What you should do:
I would like every line of the records below that contains the word "Photo" copied.
[[ Provided records, beginning ]]
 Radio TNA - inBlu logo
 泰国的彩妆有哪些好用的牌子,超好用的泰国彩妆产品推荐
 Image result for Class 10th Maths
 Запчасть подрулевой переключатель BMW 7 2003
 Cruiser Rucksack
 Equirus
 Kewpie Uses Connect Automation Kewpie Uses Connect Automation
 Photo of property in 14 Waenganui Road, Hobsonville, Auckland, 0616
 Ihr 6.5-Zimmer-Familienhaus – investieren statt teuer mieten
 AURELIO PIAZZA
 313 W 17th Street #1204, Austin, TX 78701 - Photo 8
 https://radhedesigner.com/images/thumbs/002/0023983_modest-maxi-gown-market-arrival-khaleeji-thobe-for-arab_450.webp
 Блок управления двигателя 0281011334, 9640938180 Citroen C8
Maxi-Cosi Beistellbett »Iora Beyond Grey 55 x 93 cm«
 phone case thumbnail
[[ Provided records, end ]]
[[ Provided records, beginning ]]
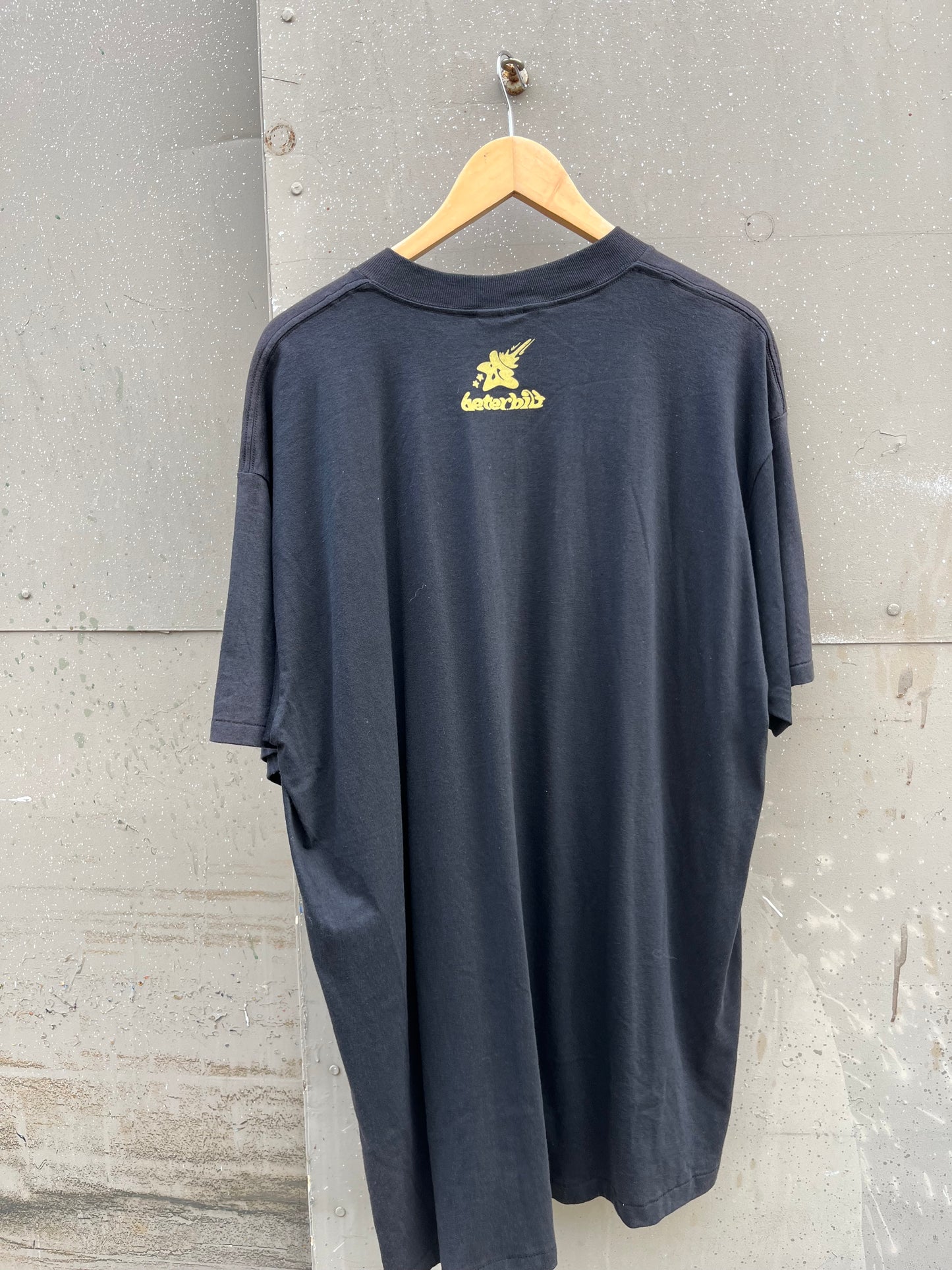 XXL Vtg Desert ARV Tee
[[ Provided records, end ]]
[[ Provided records, beginning ]]
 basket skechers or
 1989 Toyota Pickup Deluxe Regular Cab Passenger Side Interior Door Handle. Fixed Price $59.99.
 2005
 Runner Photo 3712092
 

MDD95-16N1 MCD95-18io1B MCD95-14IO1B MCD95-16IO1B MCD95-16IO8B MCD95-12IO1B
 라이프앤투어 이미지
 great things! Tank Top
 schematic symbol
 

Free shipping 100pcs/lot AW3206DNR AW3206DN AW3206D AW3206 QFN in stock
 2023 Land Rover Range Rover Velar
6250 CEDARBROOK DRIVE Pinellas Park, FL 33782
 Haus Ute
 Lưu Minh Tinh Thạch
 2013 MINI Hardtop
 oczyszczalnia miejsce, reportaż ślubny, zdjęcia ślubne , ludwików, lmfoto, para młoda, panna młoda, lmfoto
[[ Provided records, end ]]
The completed task:
 Photo of property in 14 Waenganui Road, Hobsonville, Auckland, 0616
 313 W 17th Street #1204, Austin, TX 78701 - Photo 8
 Runner Photo 3712092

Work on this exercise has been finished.